### What this task involves
Shown below is a listing with pictures; reproduce exactly, and only, the lines between the ones containing "Кресло детское Бюрократ" and "بلومبرغ Asharq Bloomberg", inclusive, leaving the pictures out.

### Data
☆ ☆ ☆ ☆ ☆ ☆ ☆
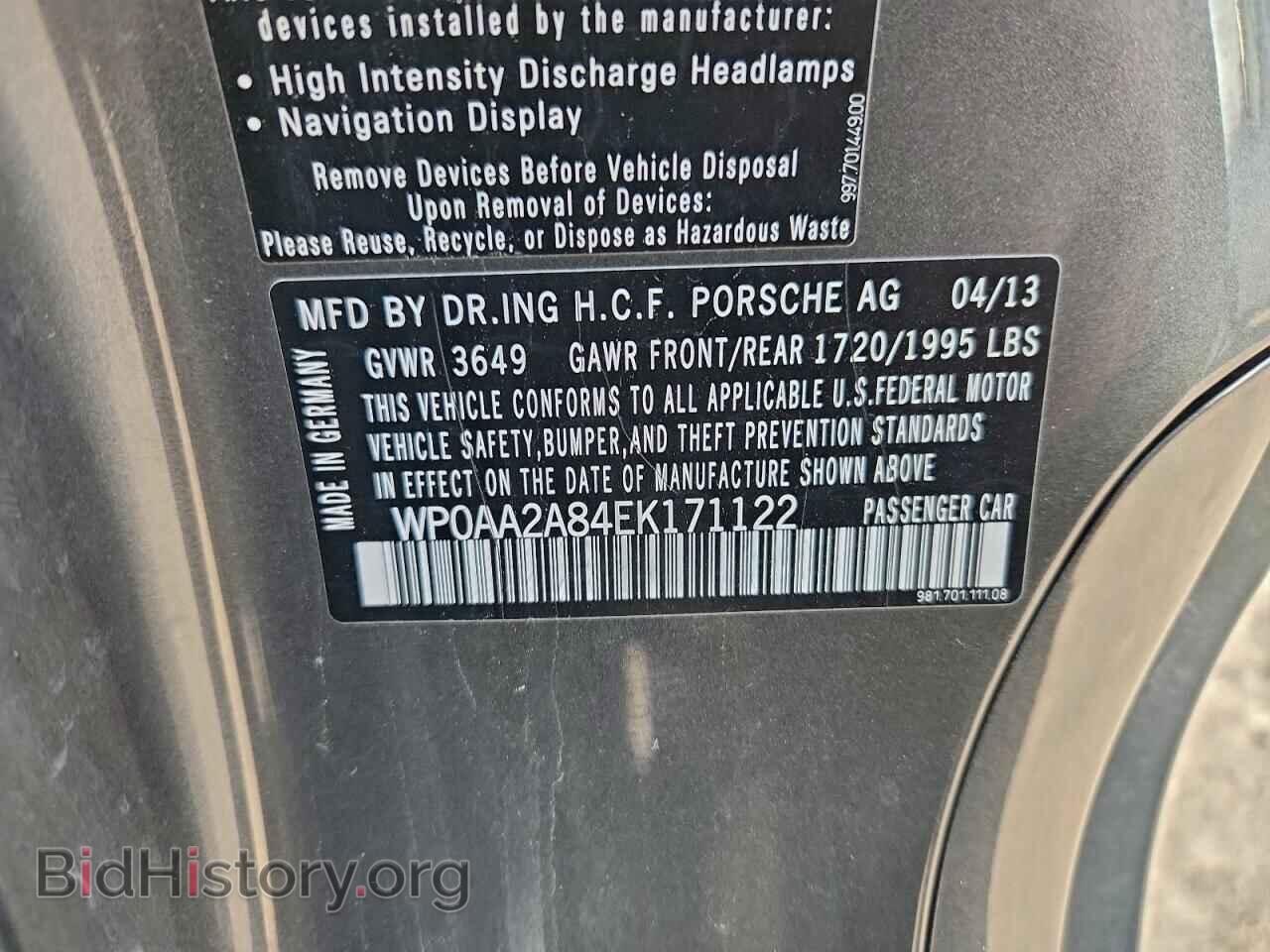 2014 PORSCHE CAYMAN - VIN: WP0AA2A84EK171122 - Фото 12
☆ ☆ ☆ ☆ ☆ ☆ ☆
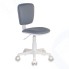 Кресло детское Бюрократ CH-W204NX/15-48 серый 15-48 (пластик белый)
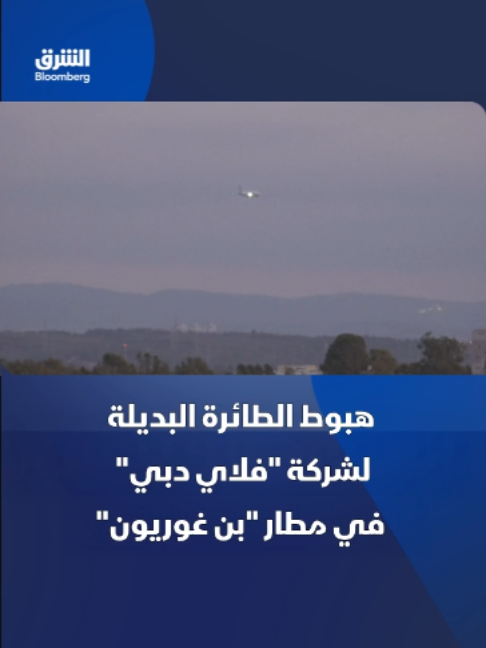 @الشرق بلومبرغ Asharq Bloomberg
☆ ☆ ☆ ☆ ☆ ☆ ☆
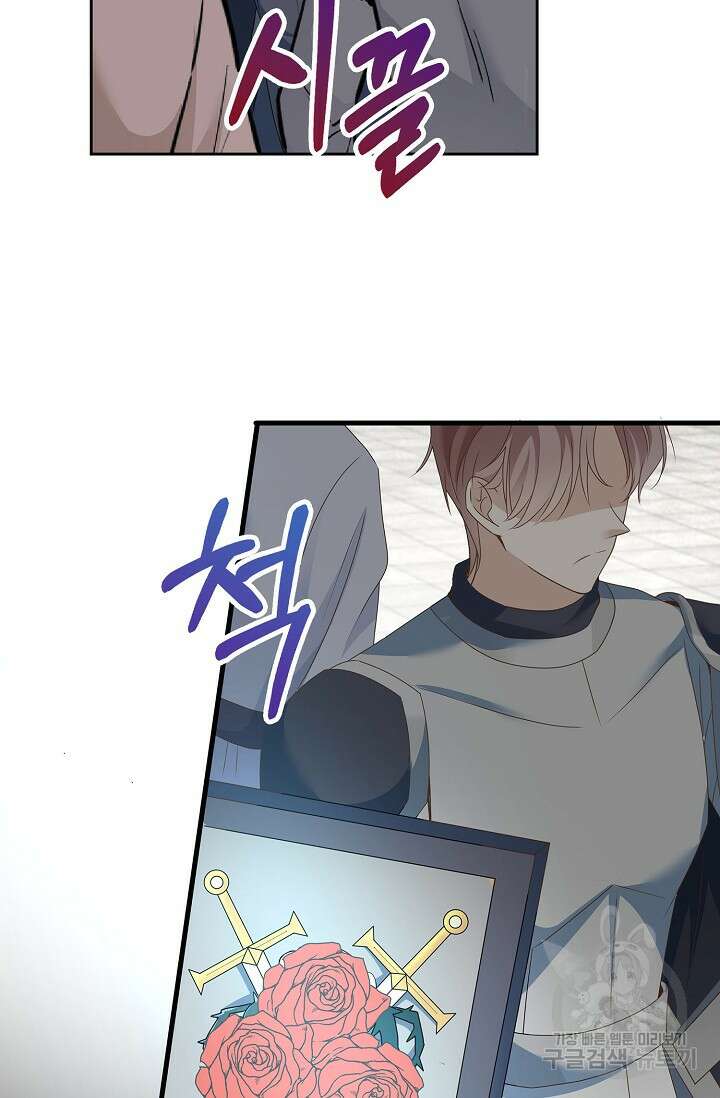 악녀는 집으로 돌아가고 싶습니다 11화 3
☆ ☆ ☆ ☆ ☆ ☆ ☆
### Solution to the exercise
 Кресло детское Бюрократ CH-W204NX/15-48 серый 15-48 (пластик белый)
 @الشرق بلومبرغ Asharq Bloomberg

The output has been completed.